Intel IA-32 Computer Accessories User Manual


 
IA-32 Intel® Architecture Optimization
6-8
The Prefetch Instructions – Pentium 4 Processor
Implementation
Streaming SIMD Extensions include four flavors of prefetch
instructions, one non-temporal, and three temporal. They correspond to
two types of operations, temporal and non-temporal.
The non-temporal instruction is
prefetchnta Fetch the data into the second-level cache, minimizing
cache pollution.
The temporal instructions are
prefetcht0 Fetch the data into all cache levels, that is, to the
second-level cache for the Pentium 4 processor.
prefetcht1 Identical to prefetcht0
prefetcht2
Identical to prefetcht0
Prefetch and Load Instructions
The Pentium 4 processor has a decoupled execution and memory
architecture that allows instructions to be executed independently with
memory accesses if there are no data and resource dependencies.
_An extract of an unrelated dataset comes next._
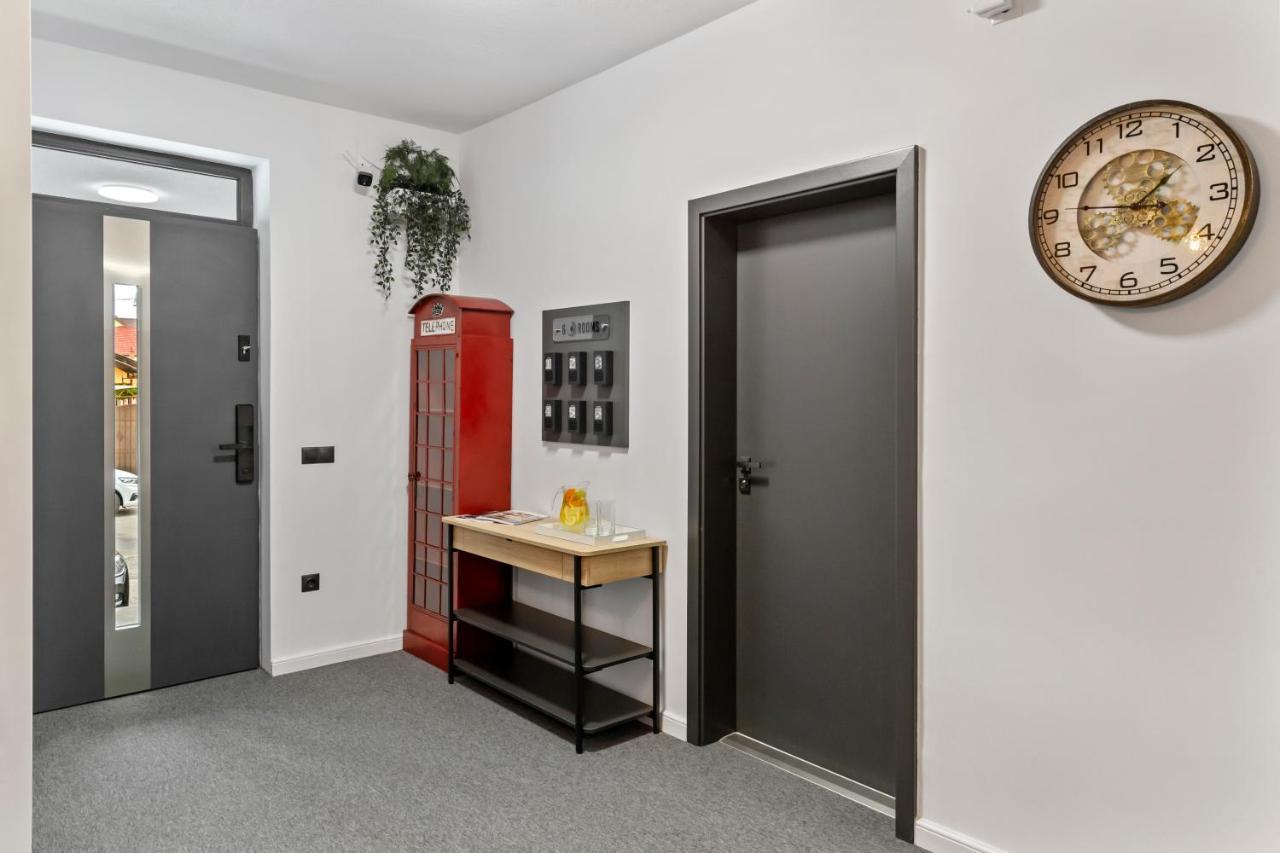 6Rooms Σίμπιου Εξωτερικό φωτογραφία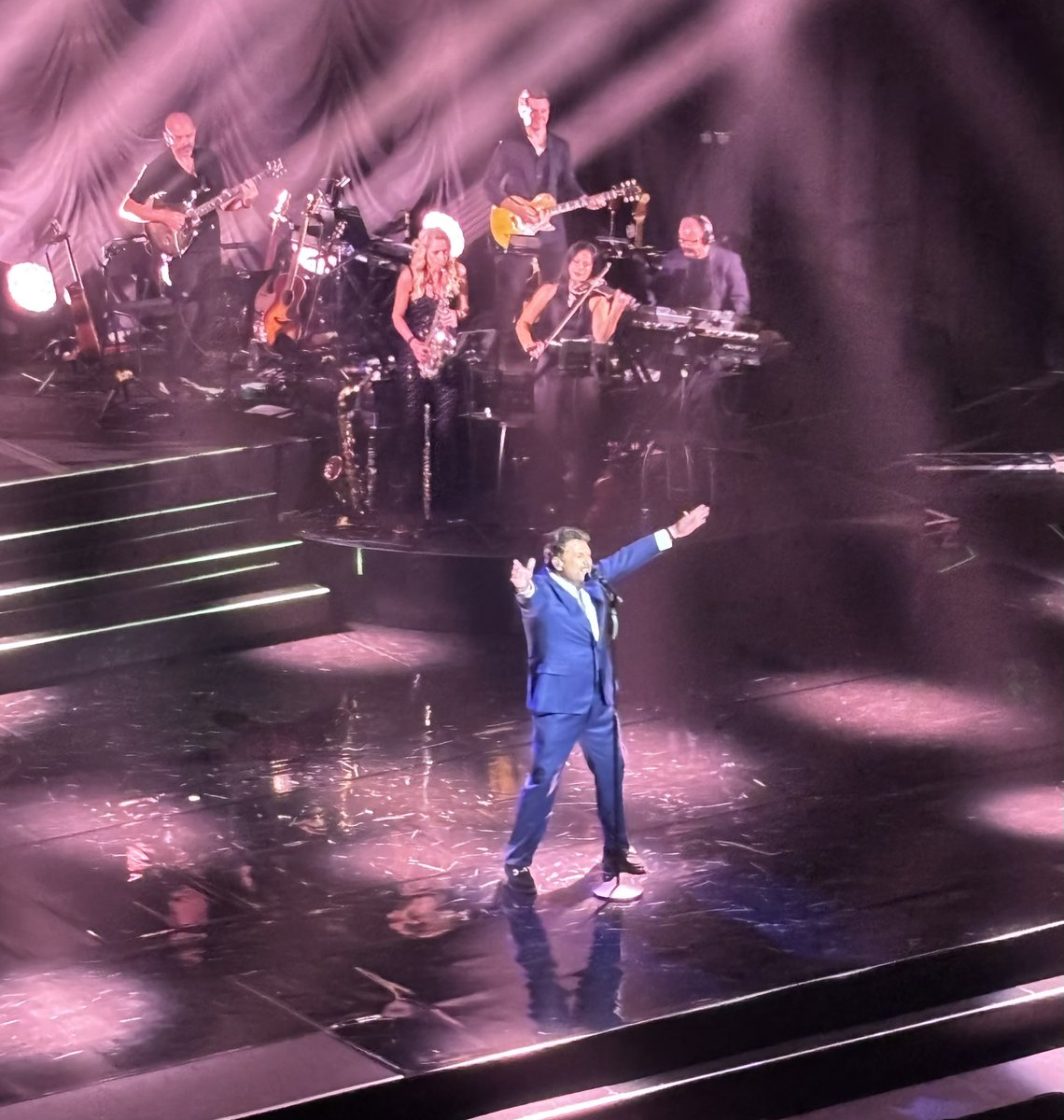 danielmatthews8's tweet photo. Last night @LondonPalladium was one of the greatest nights ever and this has been the best tour. Thank you so much to the legendary @mrmichaelball, the gorgeous and talented @lissjonesmusic and to all the amazing team. Enjoy the rest of the tour and I really look forward to seeing you soon! 🫶🏻 👏 🤘🏻 🎤

#MichaelBall #GlowTour2026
Programs or compilers can use dummy load instructions to imitate
prefetch functionality, but preloading is not completely equivalent to
prefetch instructions. Prefetch instructions provide a greater
performance than preloading.
NOTE. At the time of prefetch, if the data is already
found in a cache level that is closer to the processor
than the cache level specified by the instruction, no
data movement occurs.